A Reverse Mortgage is a special type of loan sold to homeowners age 62 years and older. This type of loan allows homeowners to access a portion of their home equity as cash; you receive money from the
lender, rather than making payments to the lender.

There are three different types of reverse mortgages:

  1. Single-Purpose Reverse Mortgages are offered by some state and local government agencies and nonprofit organizations. This is the least expensive option. They are not available everywhere and can only be used for one purpose, which is specific to the government or the nonprofit lender.
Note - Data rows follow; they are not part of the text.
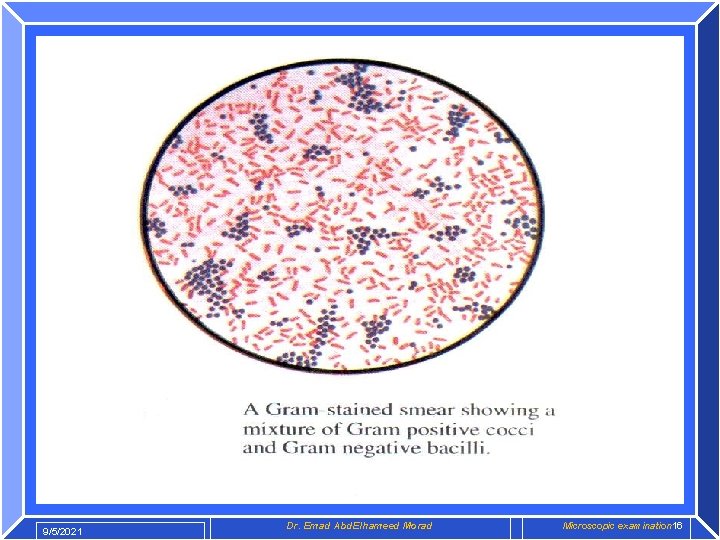 9/5/2021 Dr. Emad Abd. Elhameed Morad Microscopic examination 16 
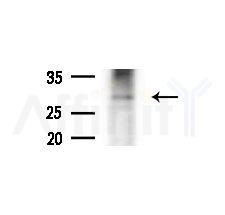 Myozenin2 Antibody - Western blot analysis of extracts from A375 cells(heat-shock,45min treatment), using Myozenin2 Antibody at 1/1000 dilution.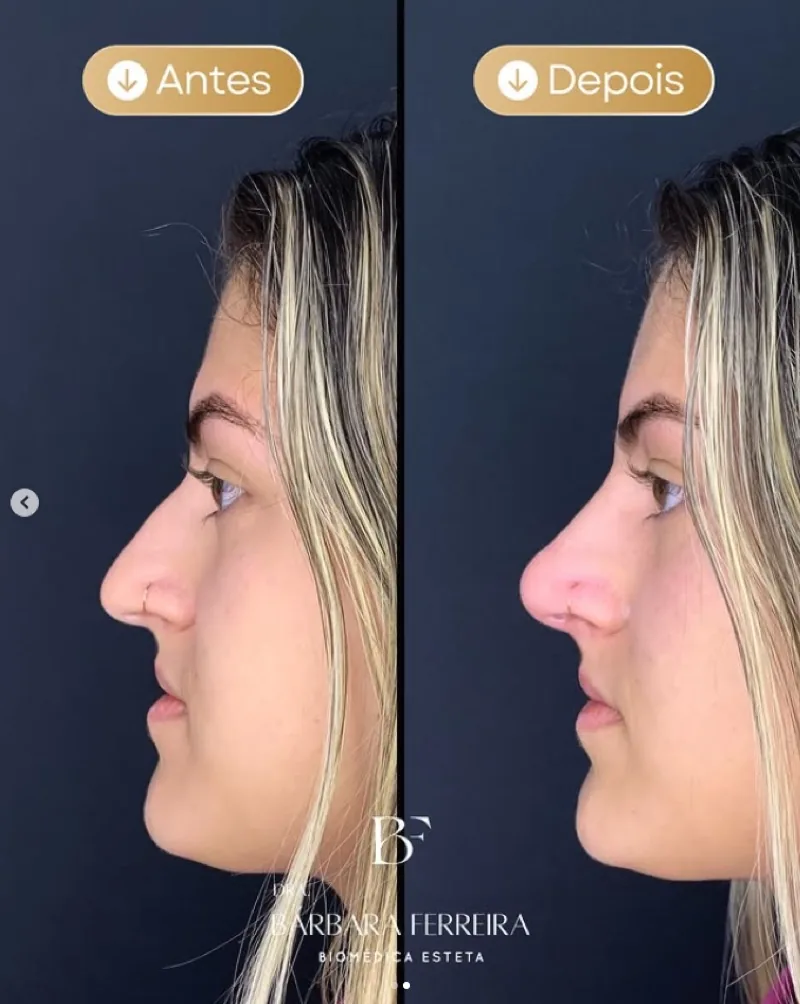 Resultado de rinomodelação — antes e depois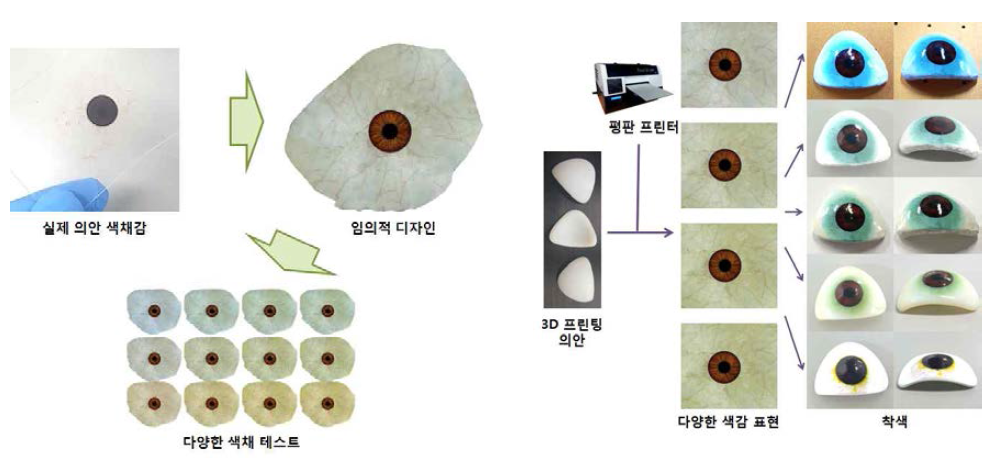 평판 프린터를 이용한 Resin 의안의 색감에 따른 적용 가능성 테스트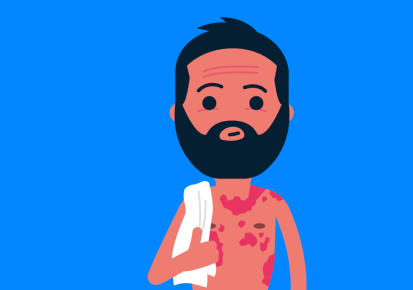 man with psoriasis on his torso man with psoriasis on his torso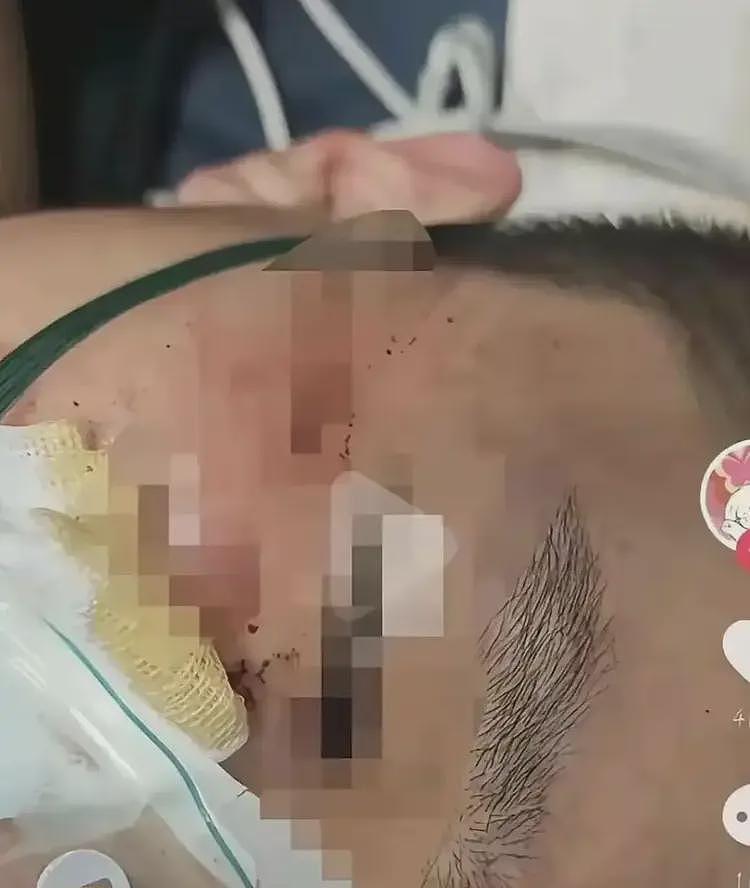 江西理工学生遭留学生群殴,夺手机锁喉踹肚子!网友批“崇洋媚外”(视频/组图) - 4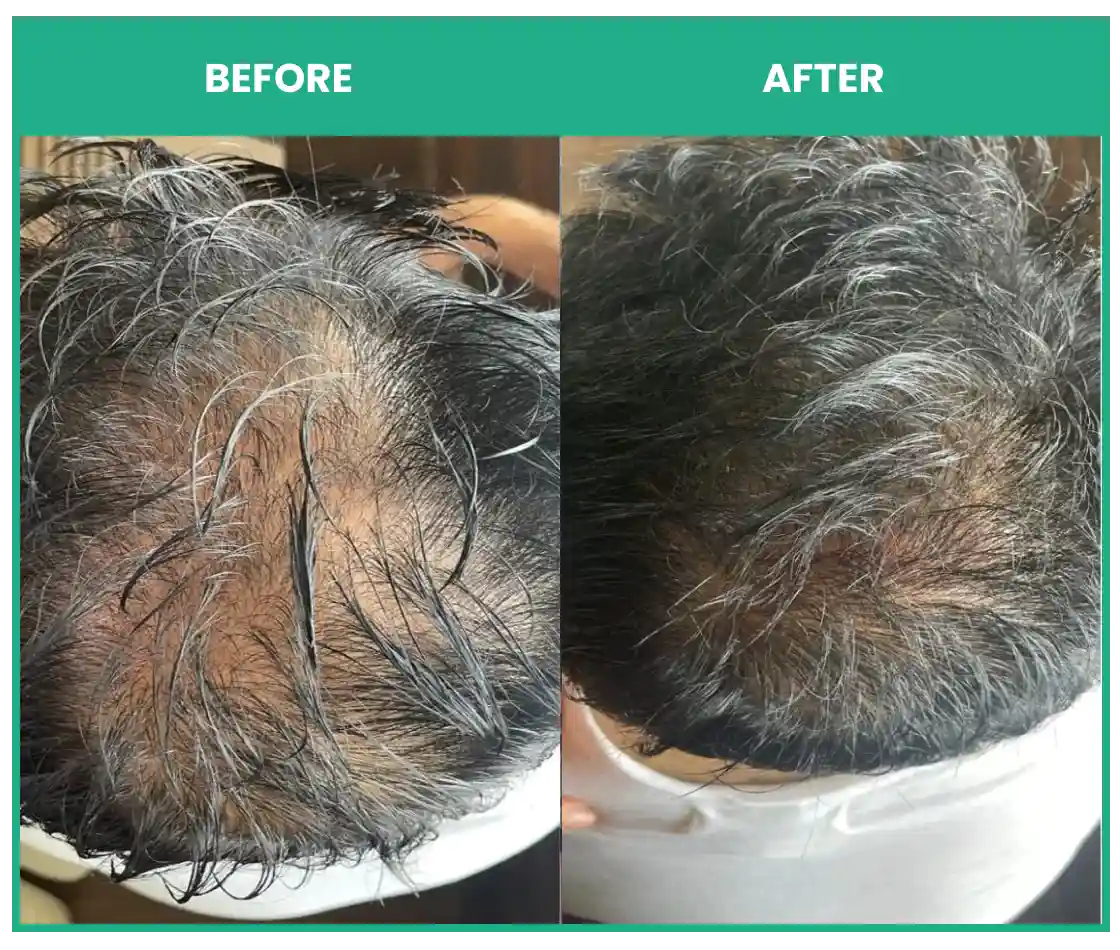 before and after using thriveco hair growth serum for men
Examples of this would be home repairs and/or improvements or property taxes. Most homeowners with low or moderate income can qualify for these loans.
  2. Federally-Insured Reverse Mortgages are also known as Home Equity Conversion Mortgages (HECMs) and are backed by the U.S. Department of Housing and Urban Development (HUD). HECMs may be more expensive than traditional home loans and the upfront costs can be high. This is very important to consider, especially if you plan to stay in your home for a short period of time or borrow a small amount. HECM loans are widely available and have no income or medical requirements, which means they can be used for any purpose. You must meet with a government approved housing counselor before applying for this type of loan.
  3. Proprietary Reverse Mortgages are private loans that are backed by the companies that develop them. Just like HECMs, these loans can be expensive and can be used for any purpose.

How much you can borrow depends on your age, the value of the property, the current interest rates, and the type of reverse mortgage you choose. Before you take out a reverse mortgage, you should be aware of your payout options:

  • Line of Credit is when you pay only the interest on money you use. The amount of money available to you grows over time.
  • Monthly Payout can be a good choice if you need additional monthly income to cover daily living expenses. The amount of money available to you grows over time. Note: You can change your monthly payment option at any time for about $20.
  • Lump Sum is where you take the whole amount of money at once. This can be risky because you will pay interest on all of the funds, even if you do not need them.
  • Combination of Monthly Payments and a Line of Credit is a combination of monthly payments and a line of credit.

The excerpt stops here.